Arriving about a decade after the last entry in Steven Soderbergh's Ocean's trilogy, Ocean's 8 offers yet another fun, light-on-its-feet take on the heist genre. However, the mere fact that the film's principle cast is comprised entirely of women also makes it a conversation-starter about gender equality and diversity in Hollywood.

Starring Sandra Bullock as the sister of George Clooney's purportedly deceased Danny Ocean, Ocean's 8 isn't a reboot of the franchise, but rather takes place in the same universe as Soderbergh's trilogy, following Debbie Ocean (Bullock), a con artist in her own right who's just been paroled after a five-year prison stint. Of course, despite the sincere reassurances she gives the parole board that all she wants is "the simple life," it doesn't take Debbie long to revert to her old ways, as she immediately sets about assembling a team to pull off her next big heist.

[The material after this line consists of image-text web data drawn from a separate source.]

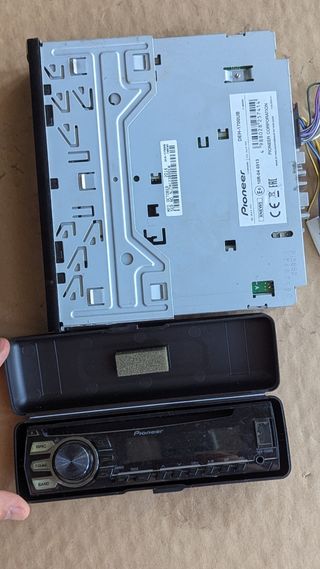 Autoradio Pioneer DEH-1700UB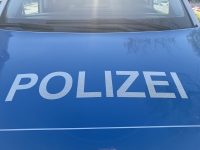 In Vöhl wurden Waren im Wert von etwa 500 Euro aus einem Lebensmittelgeschäft gestohlen. Die Polizei bittet um Hinweise.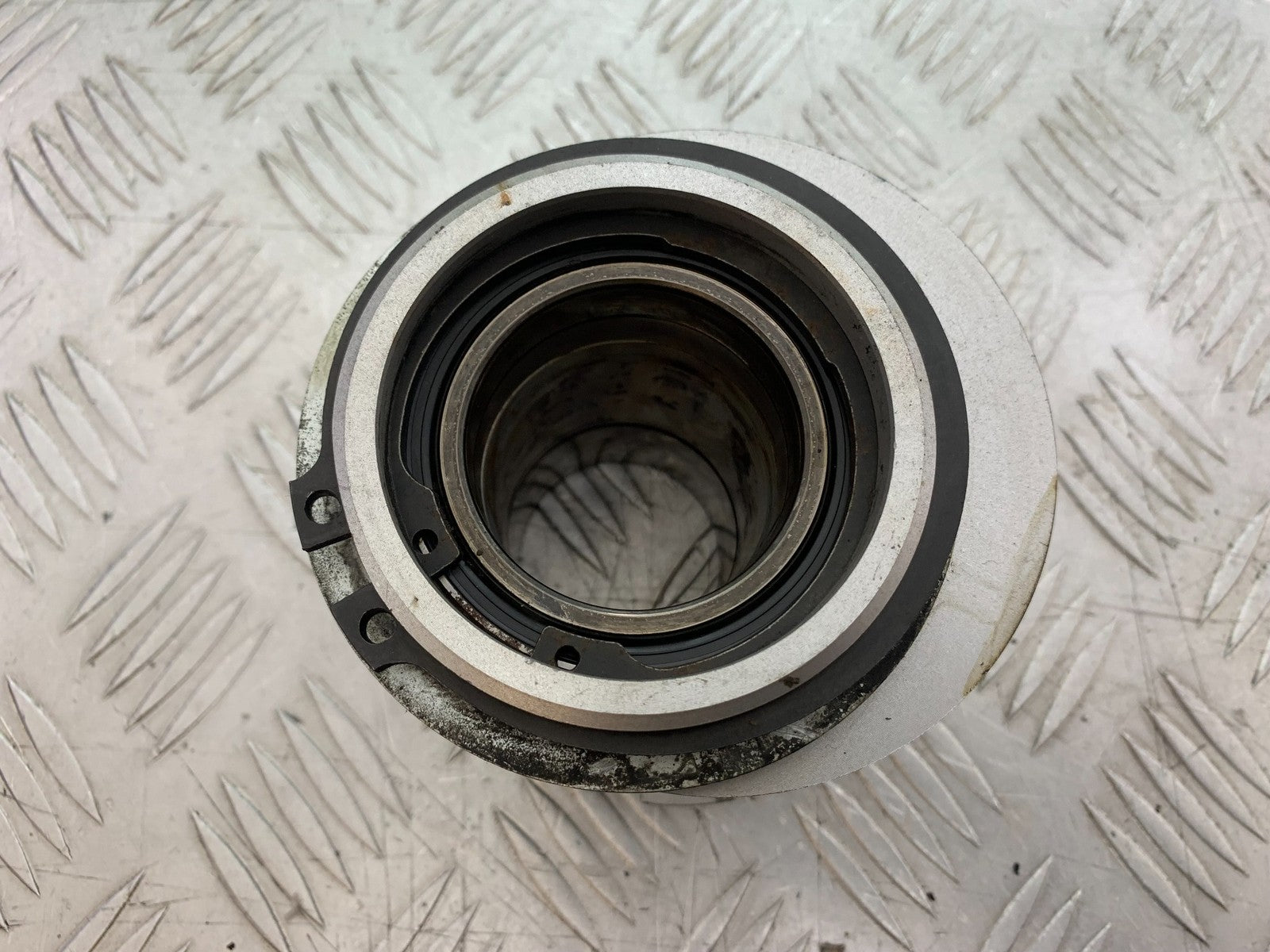 DUCATI 1299 PANIGALE ECCENTRIC HUB  YEAR 2016 (CMB 1187)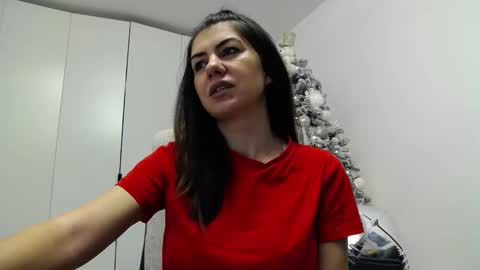 sparkly_eve online show from December 2025 09:38:01 AM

This time, the object of desire is the Toussaint, a 6-pound diamond necklace worth $150 million, which also happens to be kept under the strictest of lock and key in a secure, subterranean vault. So to steal it, Debbie hatches a plan that involves unsuspecting red carpet darling Daphne Kluger (Anne Hathaway), whose celebrity clout will convince Cartier to loan it out to her to wear to the annual Met Gala, where Debbie and her handpicked crew — best friend Lou (Cate Blanchett), bankrupt fashion designer Rose (Helena Bonham Carter), jeweller Amita (Mindy Kaling), hacker Nine Ball (Rihanna), pickpocket Constance (Awkwafina) and fence Tammy (Sarah Paulson) — will be waiting to switch it for a 3D-printed, zirconium fake.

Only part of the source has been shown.